Sementara itu pada tahun
1962, terjadi pemberontakan di Brunei dan Kalimantan Utara lainnya.
Pemberontakan itu dipimpin oleh Azhari. Ia memperjuangkan kemerdekaan bagi
seluruh Kalimantan Utara, yang meliputi Sabah, Serawak dan Brunei. Perjuangan
Azhari ini didukung oleh Indonesia, pada zaman pemerintahan Soekarno.
Pemberontakan yang berlangsung selama lebih
dua tahun itu hampir berhasil, lapangan terbang sudah dikuasai. Hampir seluruh
daerah Brunei dikuasai pemberontak, kecuali daerah sekitar istana sultan dan
daerah minyak yang dijaga ketat oleh pasukan Inggris. Azhari melarikan diri ke
Indonesia, sedang ribuan pengikutnya ditawan. Ratusan di antara mereka mendapat
hukuman lebih dari 15 tahun penjara.
Pada 1967, Omar Ali Saifuddin III telah turun dari takhta dan melantik putra sulungnya Hassanal Bolkiah,
menjadi Sultan Brunei ke-29. Baginda juga berkenan menjadi Menteri Pertahanan
setelah Brunei mencapai kemerdekaan penuh dan disandangkan gelar Paduka Seri Begawan Sultan. Pada tahun 1970, pusat pemerintahan negeri Brunei Town, telah diubah
namanya menjadi Bandar Seri Begawan untuk mengenang jasa baginda. Baginda mangkat pada tahun 1986.
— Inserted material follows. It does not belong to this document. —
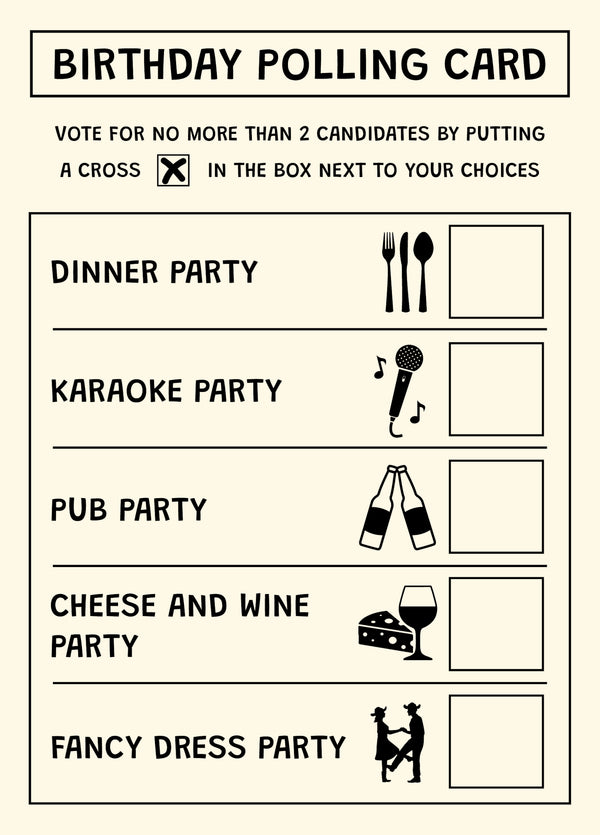 General Election Birthday Polling Card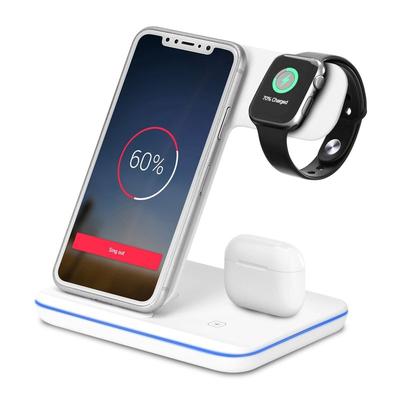 Fresh Fab Finds 15W 3-In-1 Wireless Charger Stand For iWatch Series 5/4/3/2/1, AirPods, iPhone 11/11 Pro/Xs/X Max/XR/X/8/8Plus & Samsung - White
Pada tanggal 4 Januari 1979, Brunei dan Britania Raya telah menandatangani Perjanjian Kerjasama dan Persahabatan. Pada 1 Januari 1984, Brunei Darussalam telah berhasil mencapai kemerdekaan
sepenuhnya. Saat ini Brunei memiliki wilayah yang lebih kecil daripada masa
lalu, dengan berbatasan dengan Serawak dari sebelah barat sampai timur wilayah
itu, serta sebelah utara berbatasan dengan Laut Cina Selatan.